◆ WORK INSTRUCTIONS
Only these lines, please: the first one of the records through the one containing "Добыча краба в Охотском море зимой", retyped exactly, both ends included and pictures omitted.

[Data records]
____________________
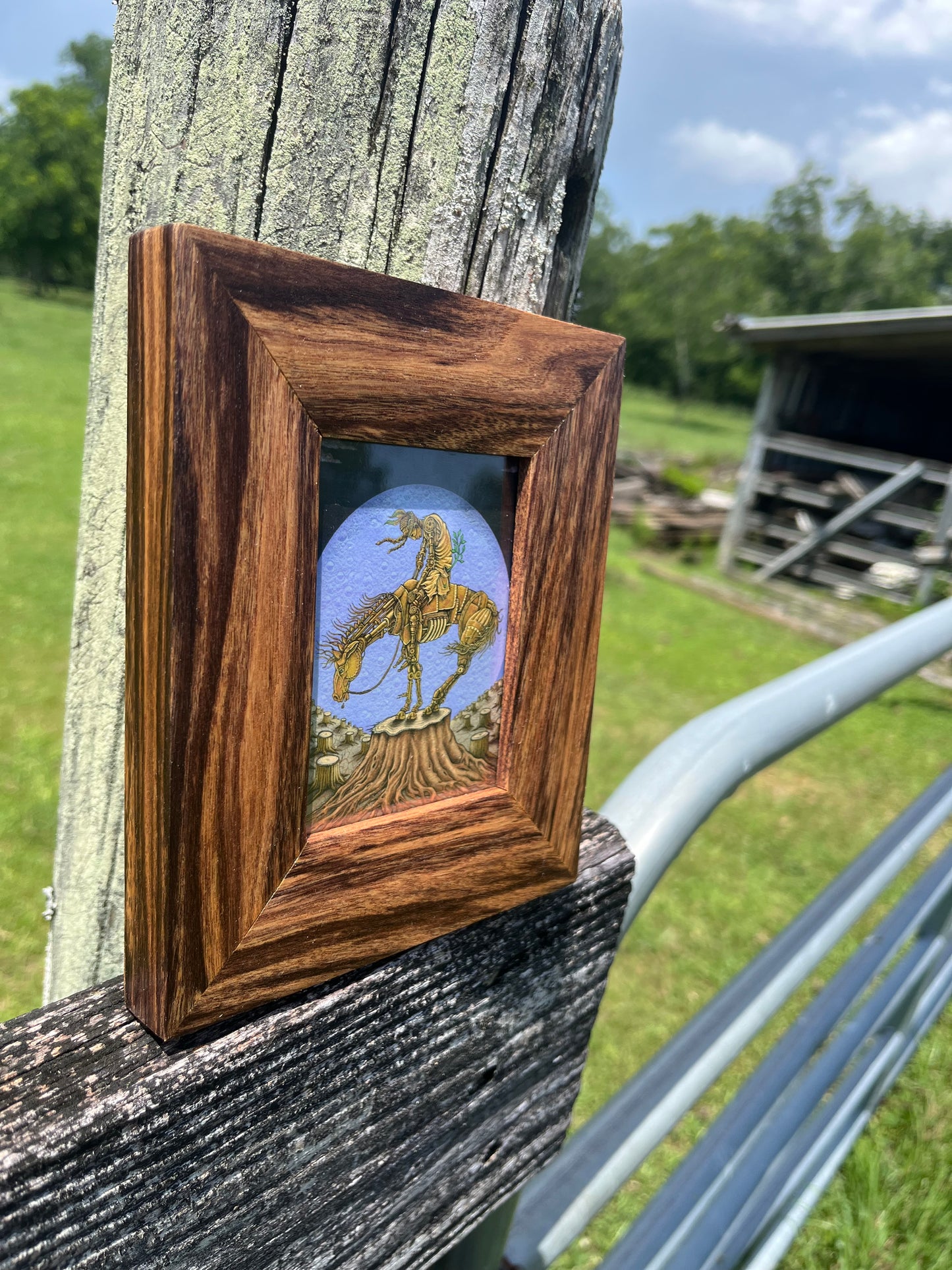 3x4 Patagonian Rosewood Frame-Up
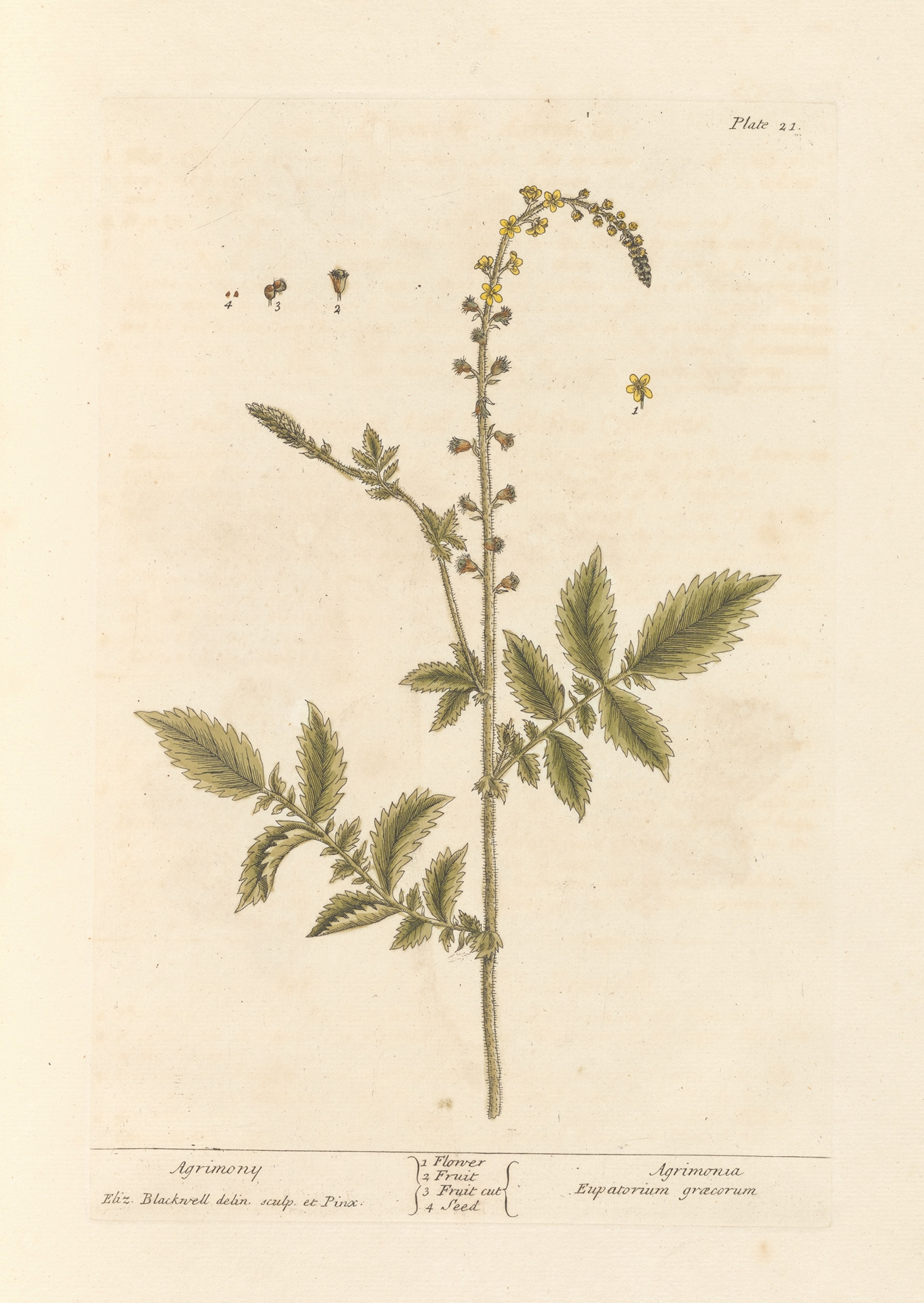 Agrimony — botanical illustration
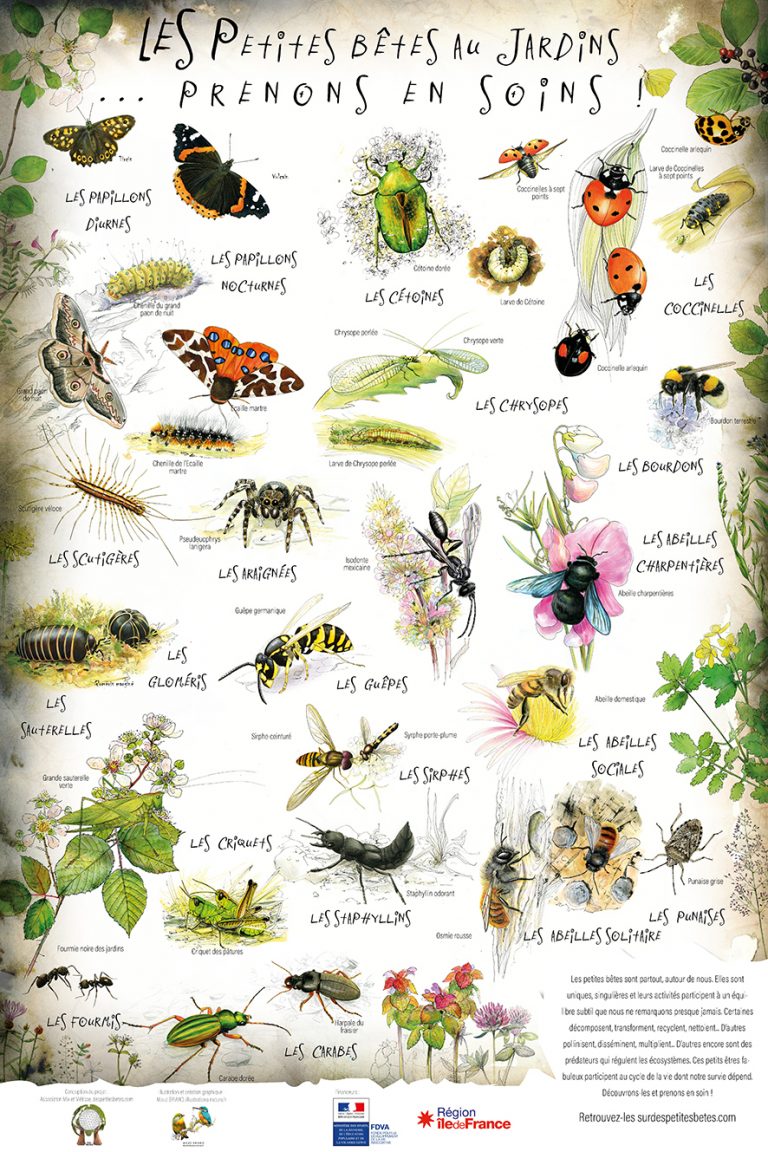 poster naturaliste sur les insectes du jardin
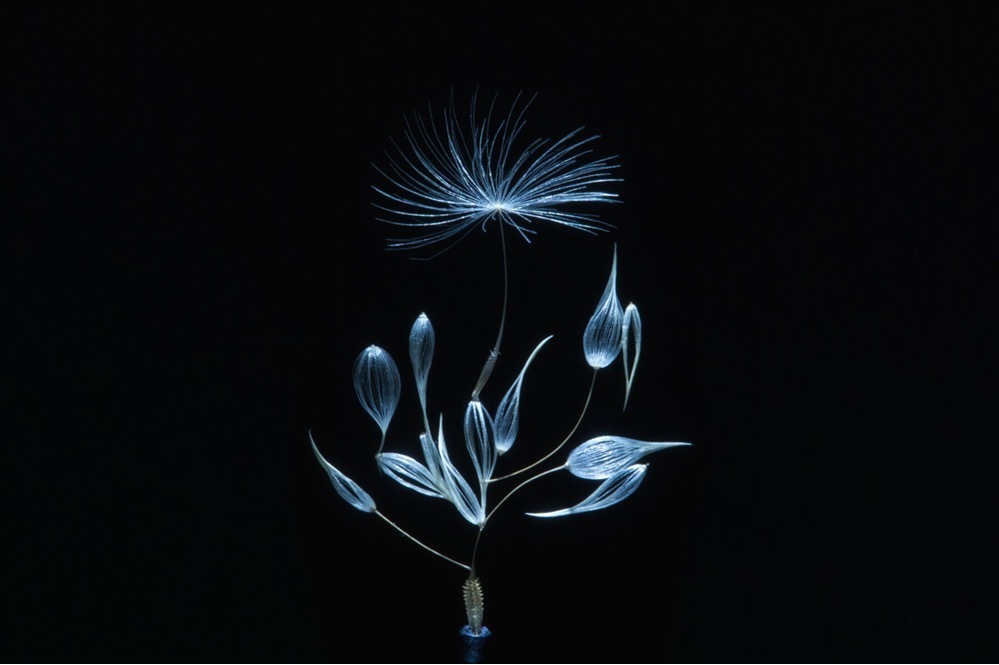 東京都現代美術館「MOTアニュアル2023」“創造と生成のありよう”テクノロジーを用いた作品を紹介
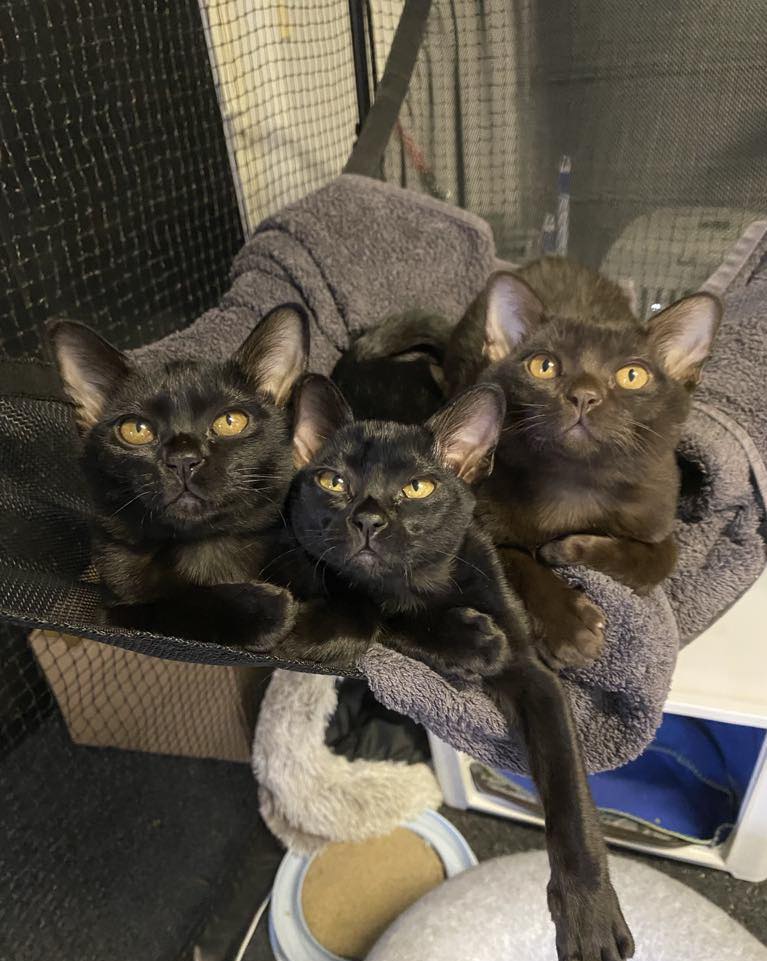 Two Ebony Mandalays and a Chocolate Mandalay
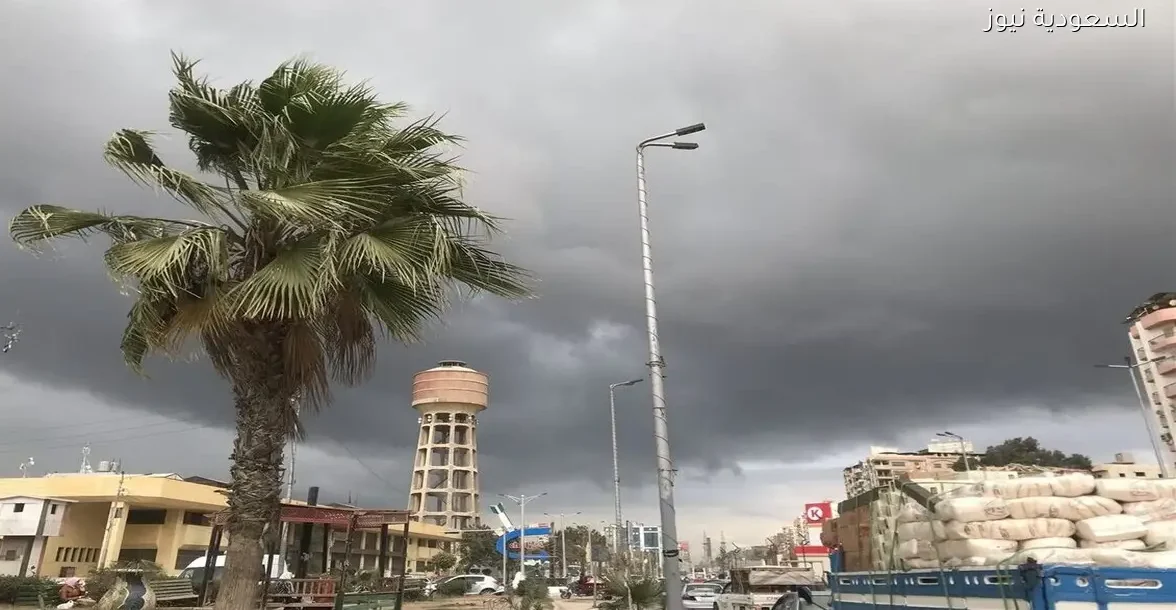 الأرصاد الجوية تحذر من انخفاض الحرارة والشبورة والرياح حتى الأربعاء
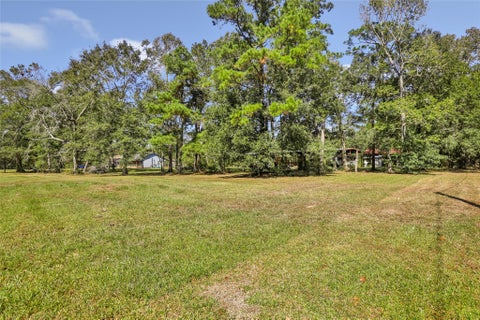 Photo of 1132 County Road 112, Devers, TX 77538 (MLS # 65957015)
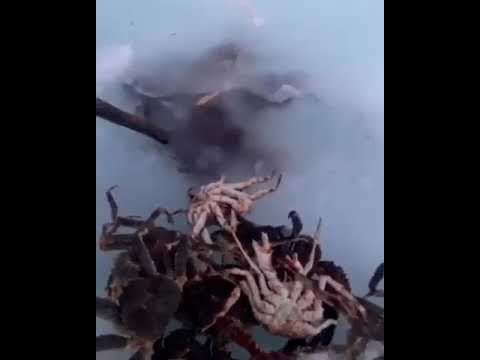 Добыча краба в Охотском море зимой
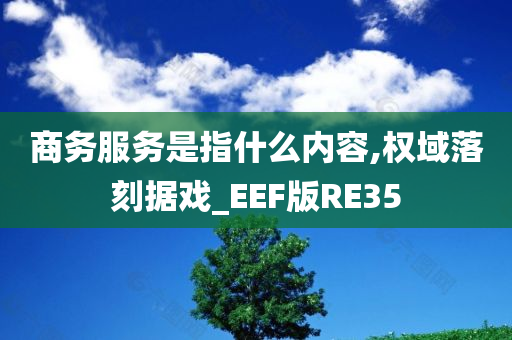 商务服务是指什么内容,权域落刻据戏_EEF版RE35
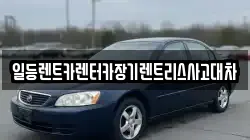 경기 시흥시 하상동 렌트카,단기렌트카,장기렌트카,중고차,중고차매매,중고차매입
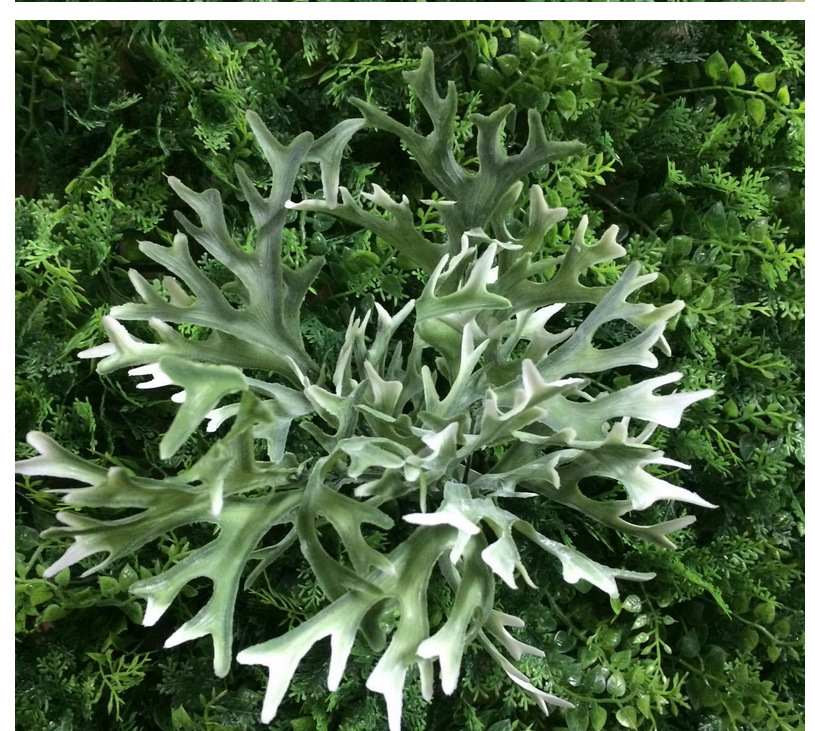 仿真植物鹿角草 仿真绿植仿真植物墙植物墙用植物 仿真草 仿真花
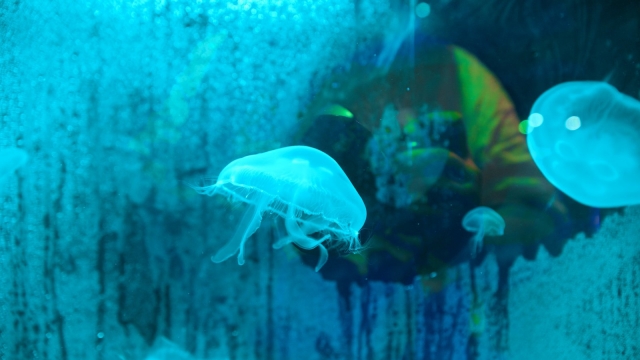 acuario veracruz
____________________
◆ ANSWER SPACE
 3x4 Patagonian Rosewood Frame-Up
 Agrimony — botanical illustration
 poster naturaliste sur les insectes du jardin
 東京都現代美術館「MOTアニュアル2023」“創造と生成のありよう”テクノロジーを用いた作品を紹介
 Two Ebony Mandalays and a Chocolate Mandalay
 الأرصاد الجوية تحذر من انخفاض الحرارة والشبورة والرياح حتى الأربعاء
 Photo of 1132 County Road 112, Devers, TX 77538 (MLS # 65957015)
 Добыча краба в Охотском море зимой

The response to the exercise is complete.